[Web page caption snippets]
^^^^^^^^
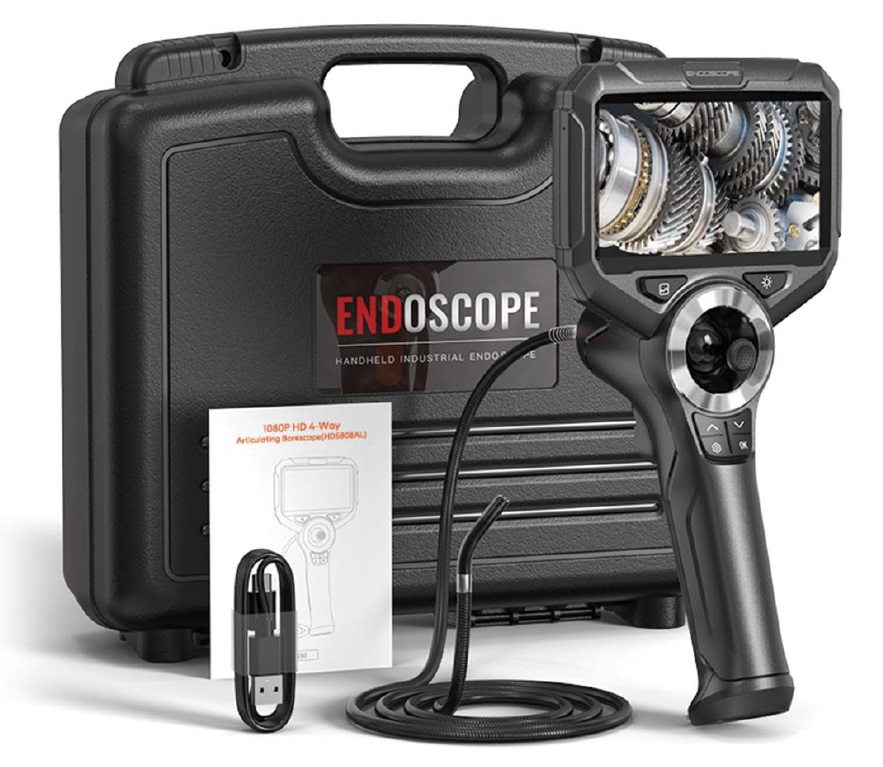 Opti-mize video endoscoop - 1 meter lengte 6 mm diameter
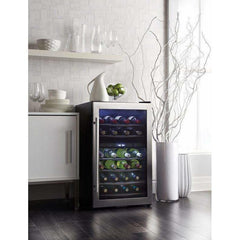 Danby Designer 38 Bottle Freestanding Wine Fridge DWC040A3BSSDD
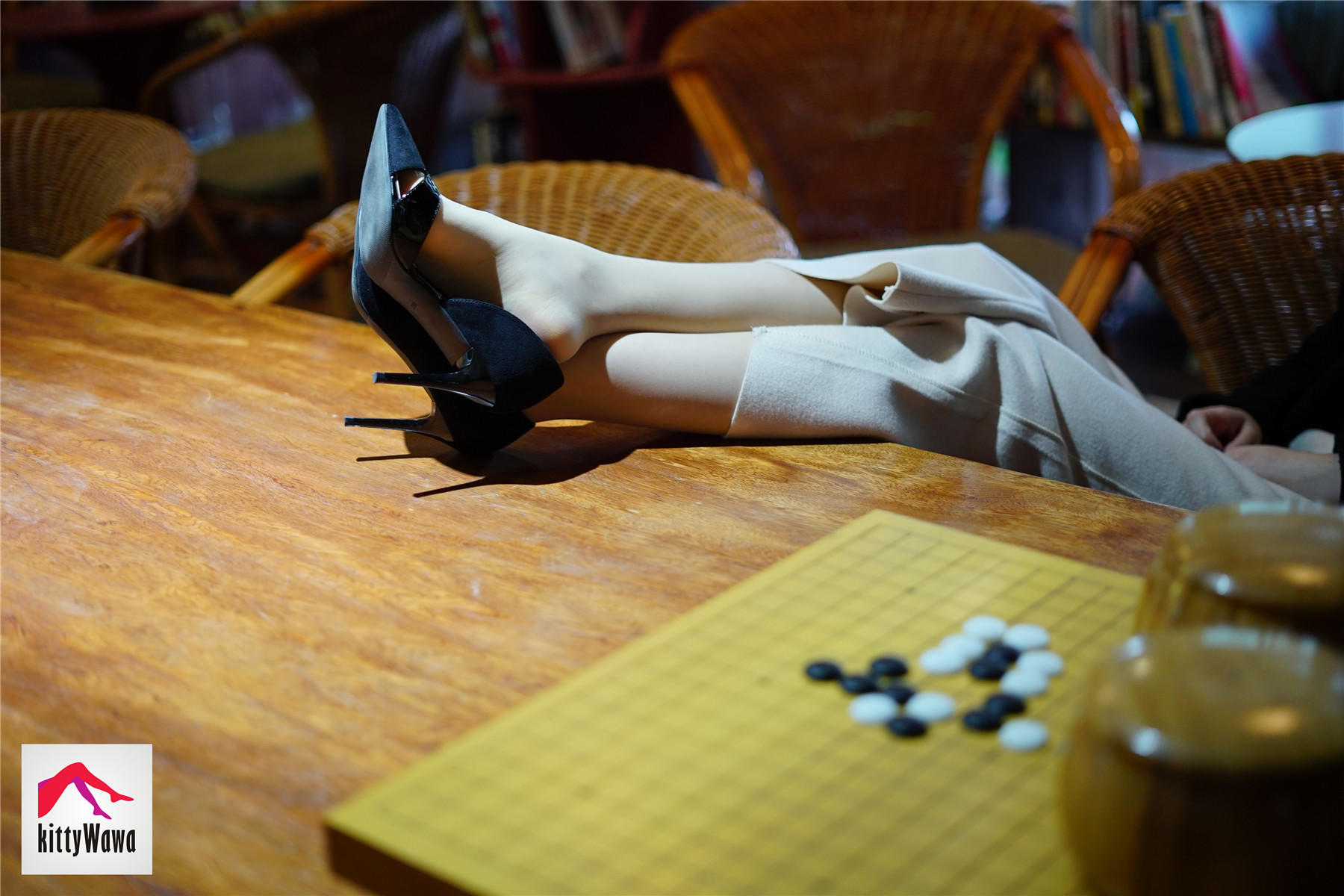 袜小喵 KT022 女王和喵 [99P+25M]_第4集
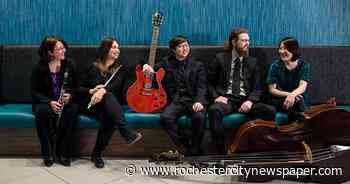 Fivebyfive gets 'heavy' with ARTISANworks concert Sunday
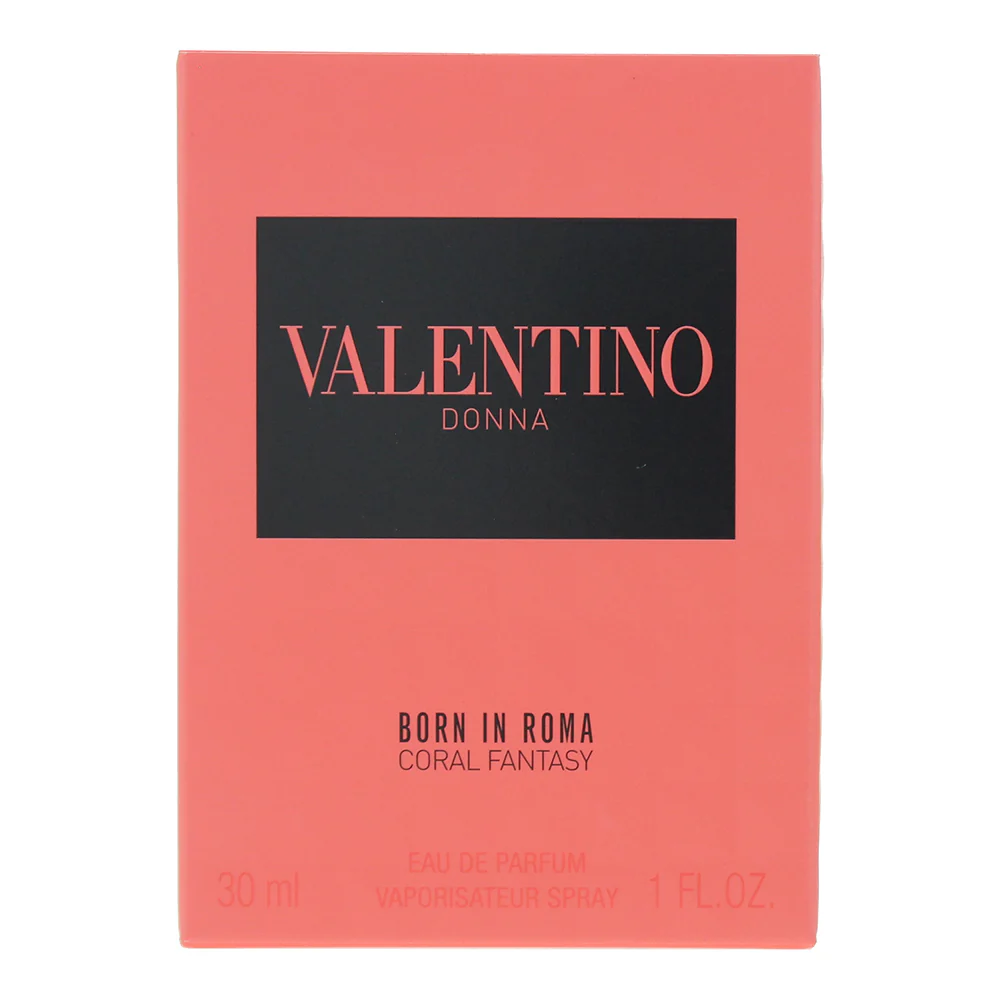 Valentino Donna Born In Roma Coral Fantasy Eau De Parfum 30ml - Image 4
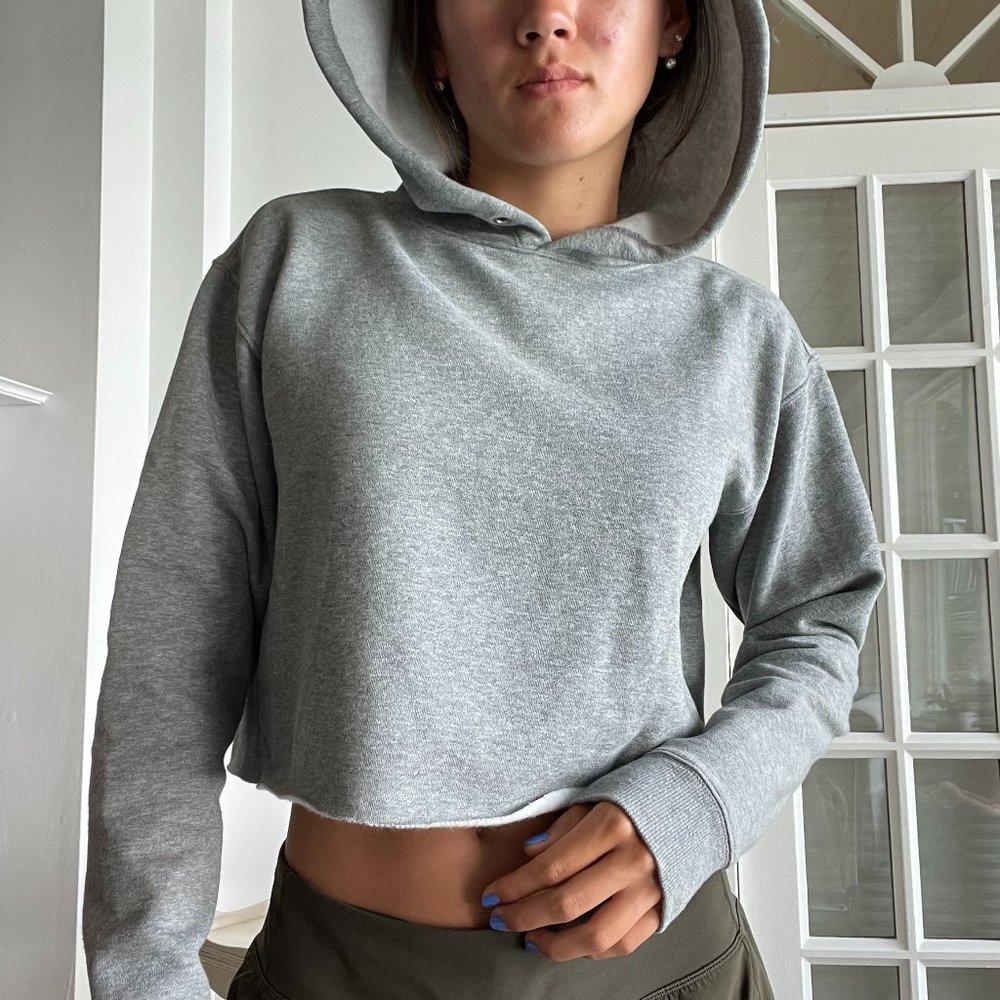 Cropped Hoodie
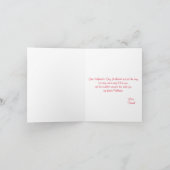 Liebe Bunnies | Valentinstag für benutzerdefiniert Feiertagskarte (Innenseite)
^^^^^^^^
> [Requirement] Print the records exactly and omit all pictures.

> [Response to the task]
 Opti-mize video endoscoop - 1 meter lengte 6 mm diameter
 Danby Designer 38 Bottle Freestanding Wine Fridge DWC040A3BSSDD
 袜小喵 KT022 女王和喵 [99P+25M]_第4集
 Fivebyfive gets 'heavy' with ARTISANworks concert Sunday
 Valentino Donna Born In Roma Coral Fantasy Eau De Parfum 30ml - Image 4
 Cropped Hoodie
 Liebe Bunnies | Valentinstag für benutzerdefiniert Feiertagskarte (Innenseite)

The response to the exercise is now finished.